CONCERTOS & CONVERSAS: Ovar Expande '25 (IV)



CONCERTOS & CONVERSAS: Ovar Expande ’25 (IV)
Com Agostinho Rodrigues, Eurico Silva, Mário Lisboa e Joaquim Margarido
Escola de Artes e Ofícios
15 Out 2025 | qua | 21:30


Depois das emoções em torno dos oito concertos que fizeram a sexta edição do Ovar Expande, esta última mensagem tem como foco uma das várias conversas que atravessaram o evento. Mas antes, é tempo de olhar para trás e fazer um breve balanço de cinco dias extraordinários, com a figura do “cantautor” em pano de fundo. Tal como nos anos anteriores, a organização primou pelo ecletismo e qualidade das propostas, mantendo a preocupação em elevar o padrão de proximidade com o público, o que resultou em três noites de concertos com salas cheias e uma forte adesão às conversas e formações que ocuparam uma parte importante do programa. Daí que o mais caloroso aplauso seja devido a Gil Godinho, figura destacada no trabalho de preparação e concretização do evento, apoiado na sólida, empenhada, conhecedora e imensamente disponível equipa Ovar / Cultura, chefiada por José Licínio Pimenta. Ano após ano, a eles se deve o conhecimento de uma variedade gigante de projectos relevantes no panorama da nova música portuguesa, geralmente inacessíveis ao público em geral.

O envolvimento da comunidade, com a criação do coro que acompanhou a cantora Bia Maria, foi um momento de enorme relevância nesta edição do Ovar Expande, reunindo dez vozes a quem foi dada a oportunidade de ser parte integrante de um projecto enriquecedor a muitos títulos. Conhecimento, dádiva e partilha foram vectores essenciais de um processo formativo que culminou com a presença do Coro em palco, acompanhando com brio a preciosa música de Bia Maria e mostrando que “qualquer um pode cantar”. Outros momentos fundamentais desta edição do certame foram as formações e masterclasses. “Palavra cantada: Compor é cantar”, com Luca Argel, e “Palavras para outras vozes”, com Carlos Tê, ofereceram aos participantes a possibilidade de mergulhar no universo da escrita e da composição musical, conhecer os bastidores dos processos criativos e explorar as palavras, melodias e narrativas que transformam histórias pessoais em canções universais. Houve ainda lugar a um showcase de Luca Argel, no espaço exterior da Escola de Artes e Ofícios, no qual o cantor encetou uma “conversa de fila” com o público, cantando numa voz límpida e harmoniosa e encantando com as histórias da vida real transformadas em belíssimas canções.

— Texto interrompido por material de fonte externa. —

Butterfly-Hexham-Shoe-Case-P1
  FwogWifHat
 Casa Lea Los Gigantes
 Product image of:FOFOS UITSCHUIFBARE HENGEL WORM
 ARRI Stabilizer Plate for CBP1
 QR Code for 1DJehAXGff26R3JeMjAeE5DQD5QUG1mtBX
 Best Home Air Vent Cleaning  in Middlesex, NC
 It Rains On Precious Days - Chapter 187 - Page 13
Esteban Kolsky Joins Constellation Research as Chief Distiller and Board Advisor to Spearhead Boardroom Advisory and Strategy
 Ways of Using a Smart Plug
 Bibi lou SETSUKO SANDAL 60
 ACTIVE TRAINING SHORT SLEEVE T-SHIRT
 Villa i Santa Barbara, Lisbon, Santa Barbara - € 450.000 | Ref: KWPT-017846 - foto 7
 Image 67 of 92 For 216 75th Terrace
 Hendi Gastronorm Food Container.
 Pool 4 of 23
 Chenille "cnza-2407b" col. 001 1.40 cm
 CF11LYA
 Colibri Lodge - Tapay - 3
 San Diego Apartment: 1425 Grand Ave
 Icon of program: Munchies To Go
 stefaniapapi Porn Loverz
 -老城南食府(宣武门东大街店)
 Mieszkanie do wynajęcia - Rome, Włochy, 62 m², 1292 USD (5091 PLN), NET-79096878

Num evento recheado de grandes momentos, destaque para a conversa que juntou os músicos Manel Cruz e Mazela e esse enorme comunicador que é Fernando Alvim, numa emissão do programa Prova Oral transmitido em directo na Antena 3. Enfim, a conversa que justifica este texto reuniu o luthier Agostinho Rodrigues, o instrumentista Eurico Silva e o fotógrafo Mário Lisboa. Intitulado “A fusão das artes, dos ofícios e a música”, o momento assentou num cordofone “multidisciplinar” designado bandopipo, um exemplo perfeito de como a tradição e a experimentação podem dialogar entre si de forma criativa e significativa. Com sala cheia e em ambiente informal, a conversa foi precedida da inauguração da exposição de fotografia “Bandopipo: Da Aduela ao Brinde”, da autoria de Mário Lisboa, viagem fotográfica ao interior de uma tanoaria transformada em palco num concerto da Orquestra de Bandolins de Esmoriz. No centro da fusão entre as artes e os ofícios está o Bandopipo — meio bandolim, meio pipo —, cordofone conceptualizado por Eurico Silva e construído por Agostinho Rodrigues. O percurso expositivo inclui ainda videoarte de Carla Varanda, entrevistas aos protagonistas e a presença física do instrumento.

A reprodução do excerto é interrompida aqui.